AWESOME:thumbup: Do any one have a grill or fish cooker, its on and popping on that beach! :yes::thumbsup:


----------



## flukedaddy (Apr 11, 2009)

jcasey said:


> Nice mess of fish there. I want to camp at Fort McRee one of these days. Do you take a tent or sleep in your boat? If you sleep in a tent, is it safe to leave your boat with all of your tackle in it ? So, when you wake up to go fishing, do you leave your tent there until you come back and is that safe too? *I haven't done this yet because I am afraid I will wake up and either my tackle or boat will be gone*.


I have left plenty behind before, after talking to neighbors and such I feel even more safe about it. In the most part they are all boater folks out there and it a brotherhood of all sorts, from fishing, to pleasure boaters, and they look out for each other. JMO..... I have camped out there a couple hundred times atleast in my time here in Pcola.


----------



## jcasey (Oct 12, 2007)

jeepnsurf said:


> We've tent camped and fished out there countless times and I've never had a problem with people messing with my tackle or poles in the boat at night. Also, we usually keep the tent set up on the beach and stick extra coolers and stuff in it while we fish.


 That is good to know,thanks. Sounds like a lot of fun, just wasn't sure.


----------



## jcasey (Oct 12, 2007)

flukedaddy said:


> I have left plenty behind before, after talking to neighbors and such I feel even more safe about it. In the most part they are all boater folks out there and it a brotherhood of all sorts, from fishing, to pleasure boaters, and they look out for each other. JMO..... I have camped out there a couple hundred times atleast in my time here in Pcola.

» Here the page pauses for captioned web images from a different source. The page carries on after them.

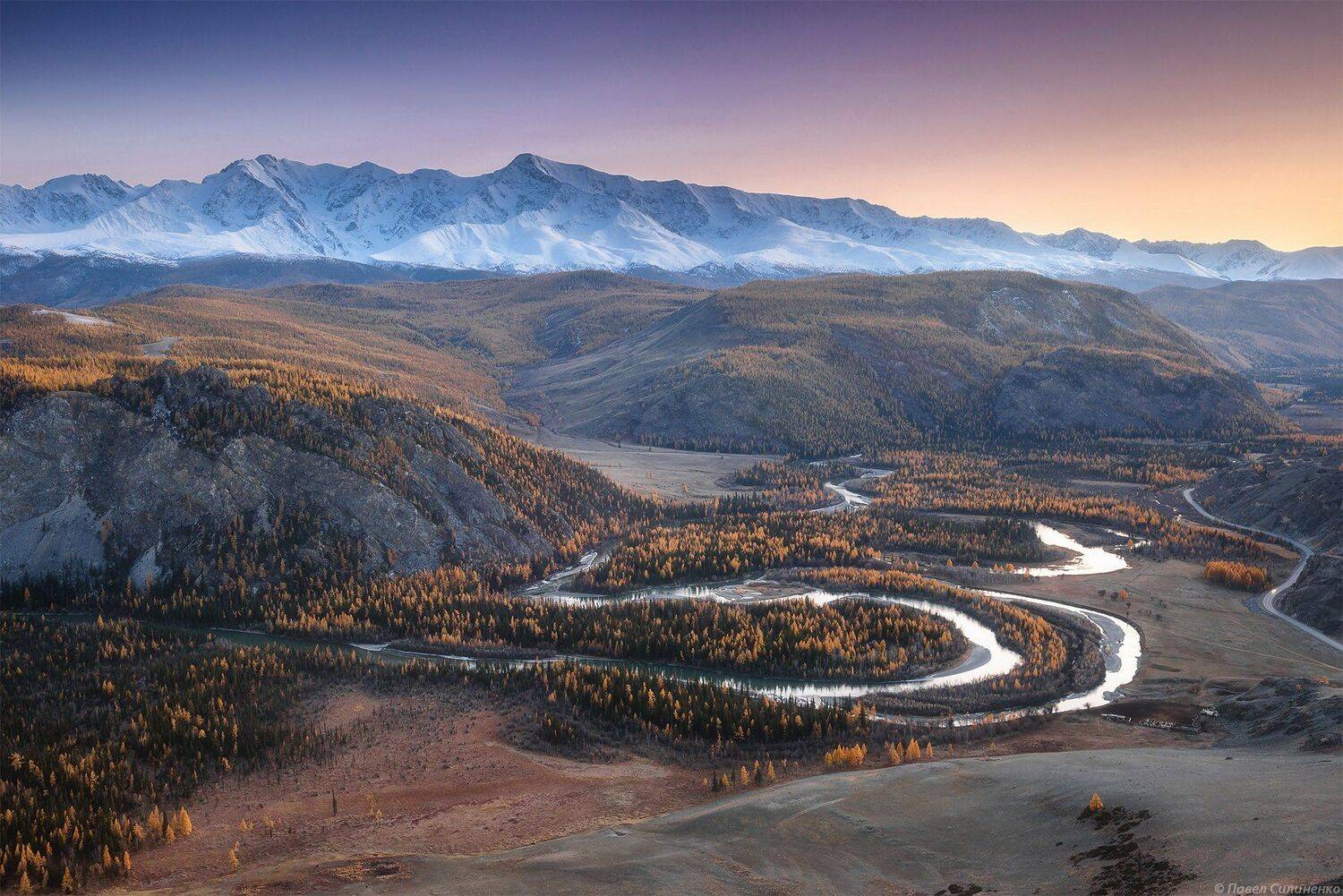 Алтай, Курай, пейзаж, вечер, закат, заря, горы, осень, Павел Силиненко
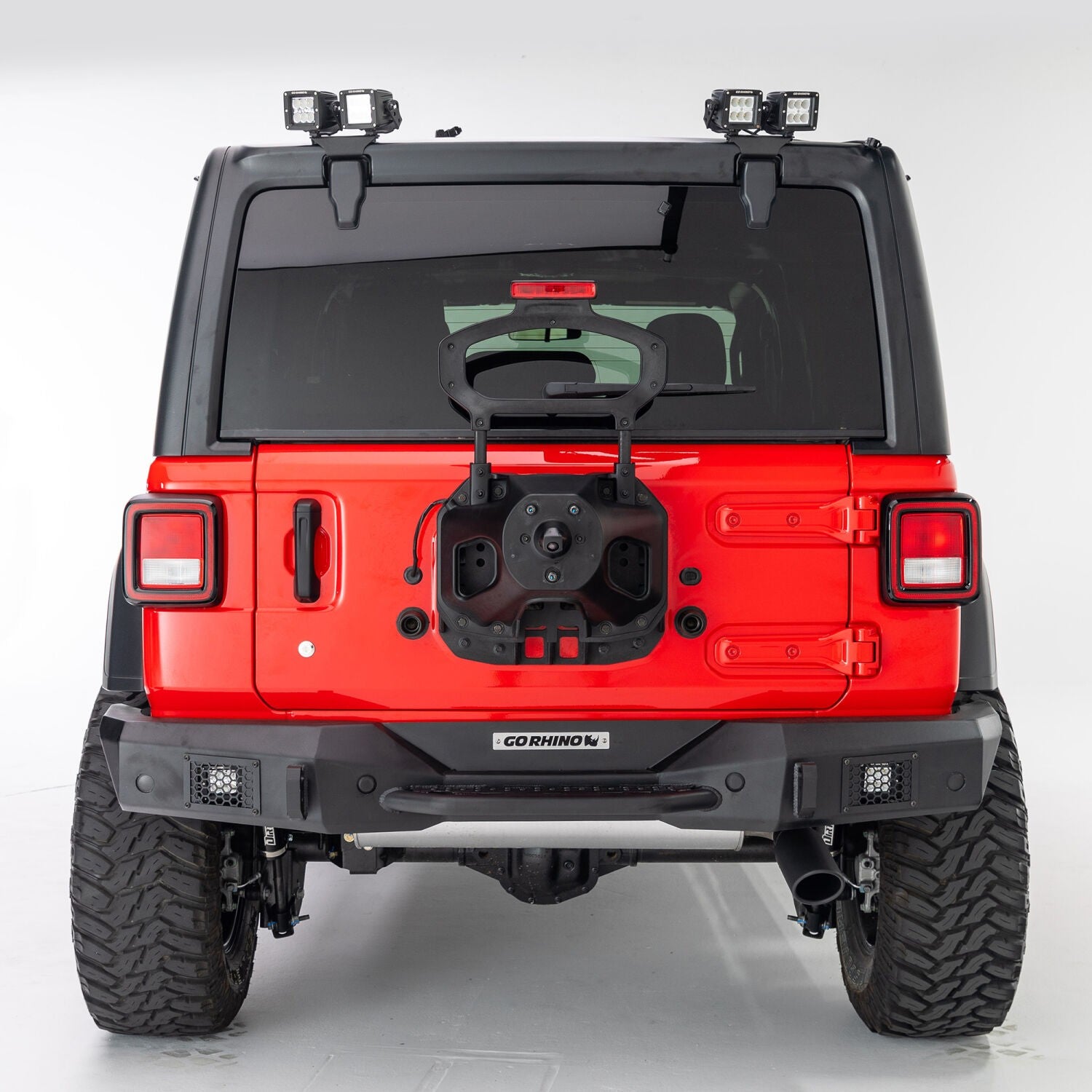 XE Hard Top Light Mount for two 3 Inch x 3 Inch LED Cube Lights Textured Black 2018-2026 Jeep Wrangler JL 2020-2025 Jeep Gladiator Go Rhino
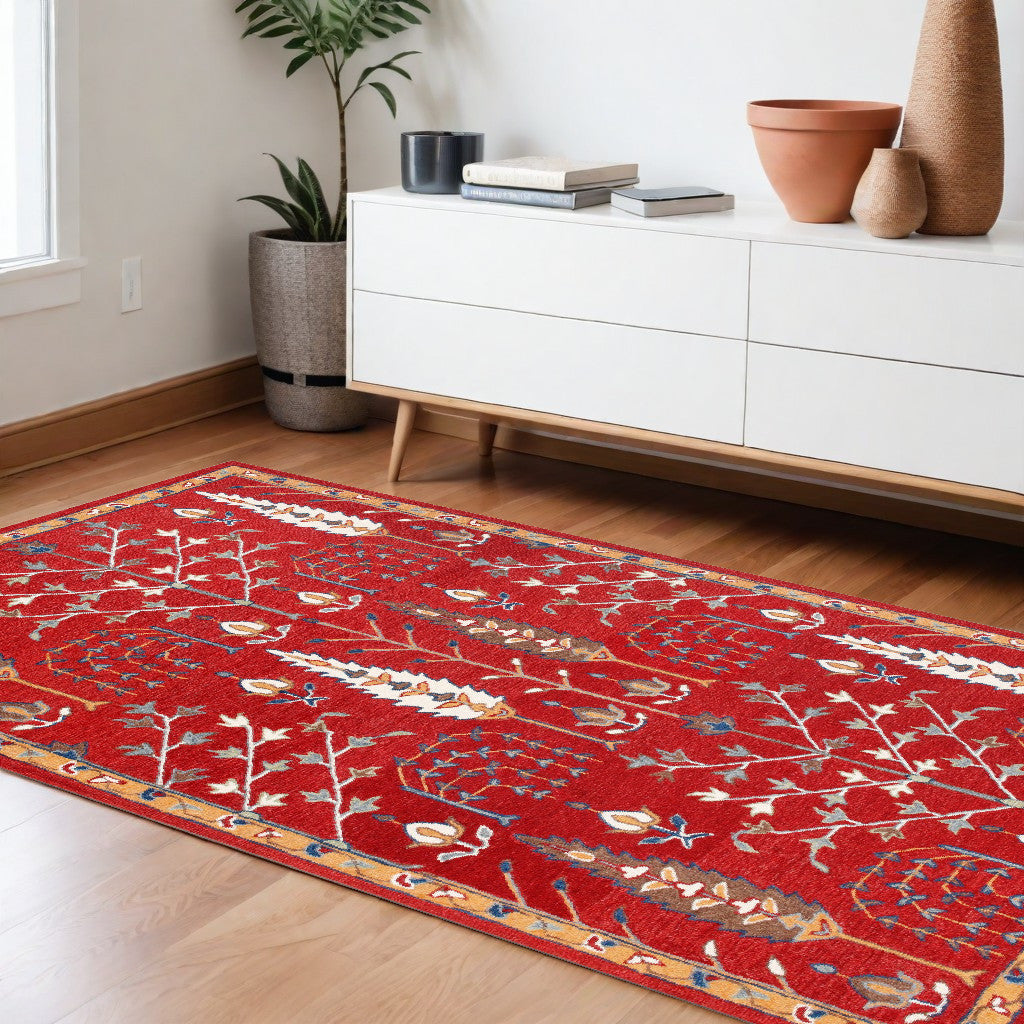 9' x 12' Red and Ivory Wool Floral Hand Tufted Area Rug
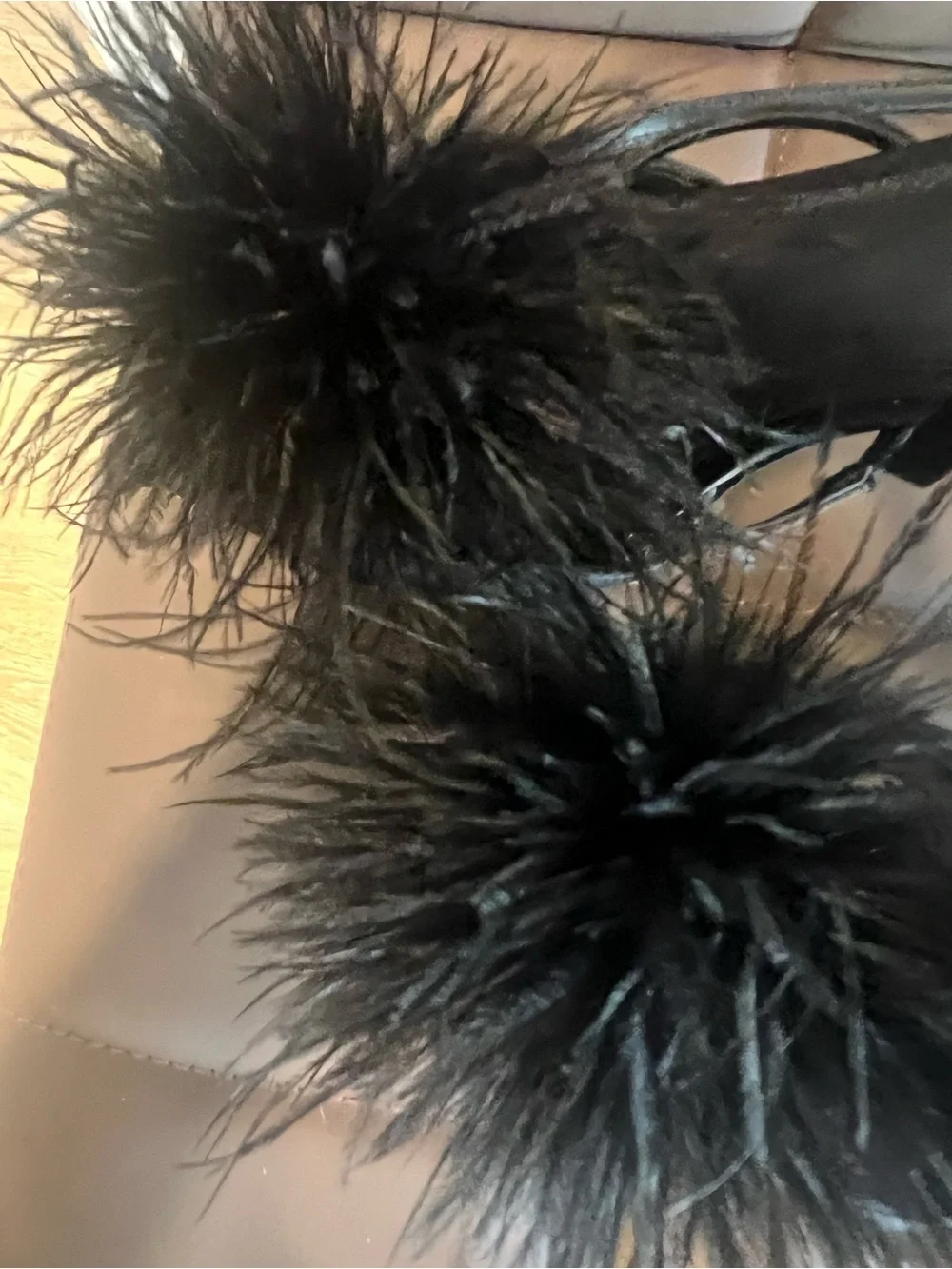 Sam Edelman Black Feather Pom-Pom Strappy Heels - Elegant Evening Sandals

 Thanks Fluke ! So I have another question about camping. Is there a certain area that the forum members camp ? I know it would be a blast to camp out there. Are you allowed to build a fire ?


----------



## flukedaddy (Apr 11, 2009)

Fires are allowed just bring your own wood, it is very scarce out there maybe kindling but not much more to be found. No certain areas I know of that members of this forum camp but they do meet out there and get together from time to time..


----------



## flounderslayerman (Jun 3, 2011)

I grew up camping out there and not once was anything stolen. Nice box of fish by the way !!!


----------



## SoCal619 (Nov 18, 2011)

Do you need a permit or anything to camp out there or can you just cruise up in the boat with your gear, pitch a tent and camp out?


----------



## flukedaddy (Apr 11, 2009)

no permit needed


----------